**What is expected**
Each line below from the line with "Terrors of the Deep" to the line with "238 Springmeadow Way" must be copied exactly, including those two, and no picture may appear in the copy.

* * * * * * * * *

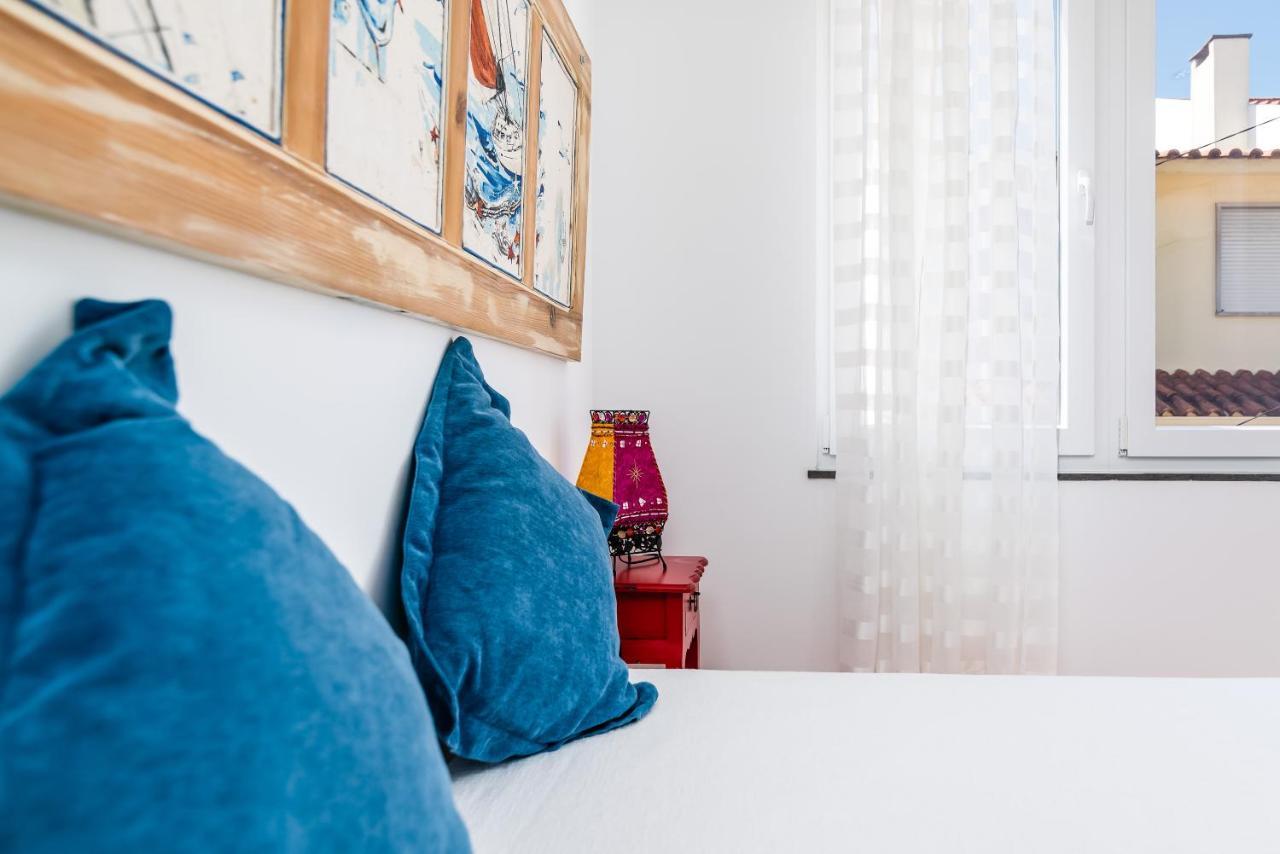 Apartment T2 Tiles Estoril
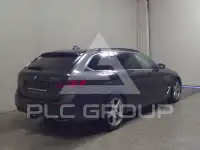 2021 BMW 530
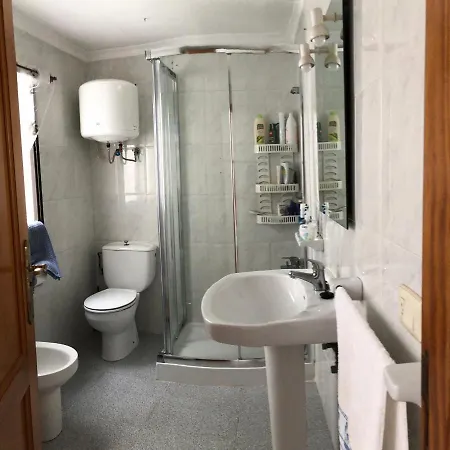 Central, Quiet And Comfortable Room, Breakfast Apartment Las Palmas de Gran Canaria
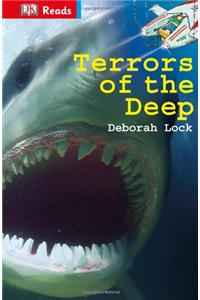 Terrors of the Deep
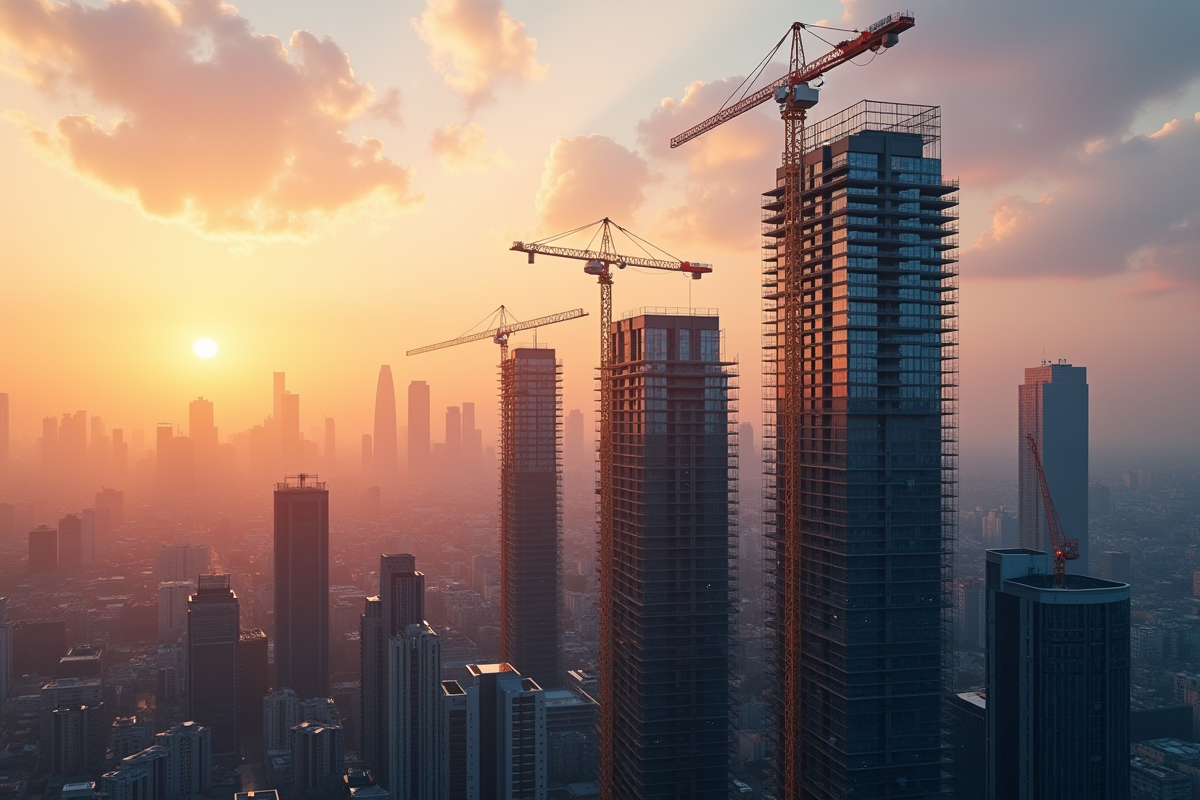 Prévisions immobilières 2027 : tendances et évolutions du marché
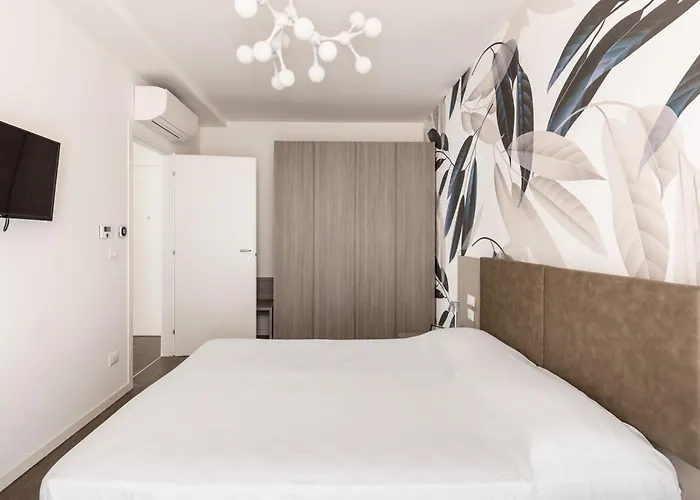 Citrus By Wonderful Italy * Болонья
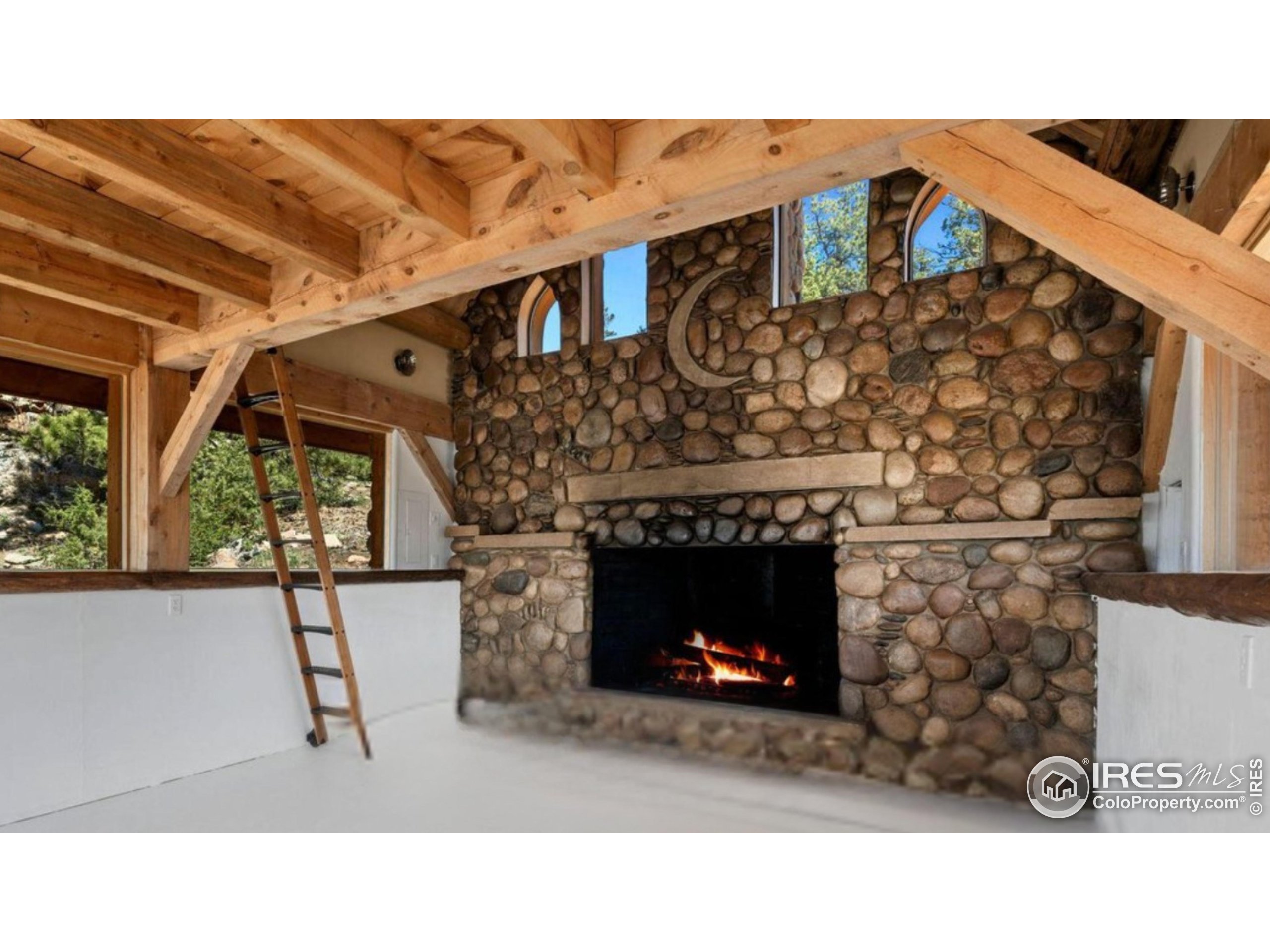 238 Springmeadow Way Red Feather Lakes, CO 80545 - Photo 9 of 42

* * * * * * * * *

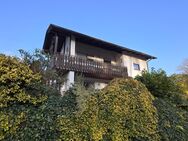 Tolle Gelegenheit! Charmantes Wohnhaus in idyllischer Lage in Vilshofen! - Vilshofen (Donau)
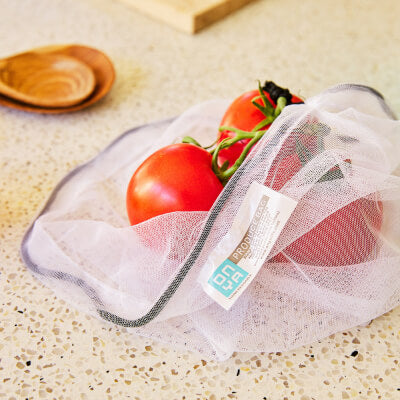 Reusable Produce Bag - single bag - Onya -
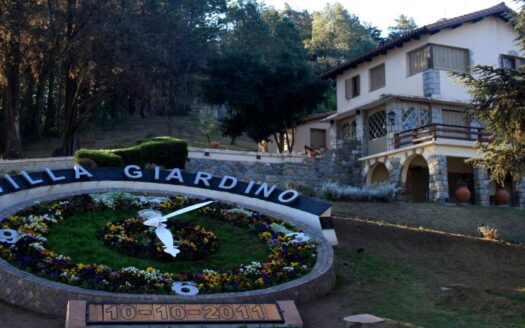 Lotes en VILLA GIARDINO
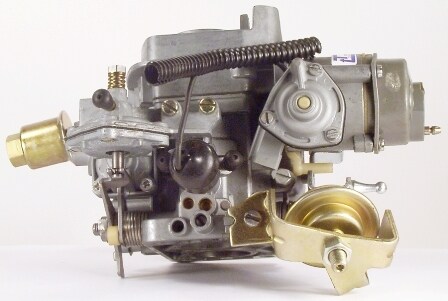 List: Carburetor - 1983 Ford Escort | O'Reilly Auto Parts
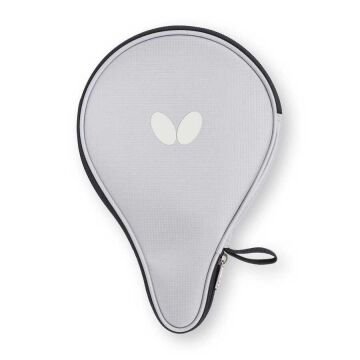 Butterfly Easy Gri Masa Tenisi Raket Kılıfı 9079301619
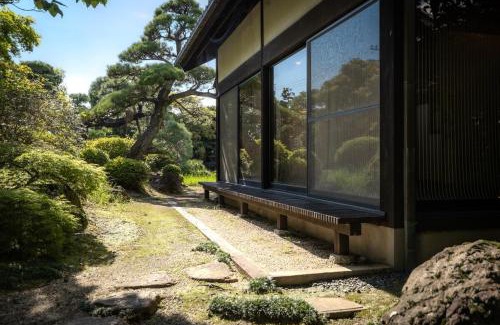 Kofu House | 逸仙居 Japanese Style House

* * * * * * * * *

**Written response**
 Terrors of the Deep
 Prévisions immobilières 2027 : tendances et évolutions du marché
 Citrus By Wonderful Italy * Болонья
 238 Springmeadow Way Red Feather Lakes, CO 80545 - Photo 9 of 42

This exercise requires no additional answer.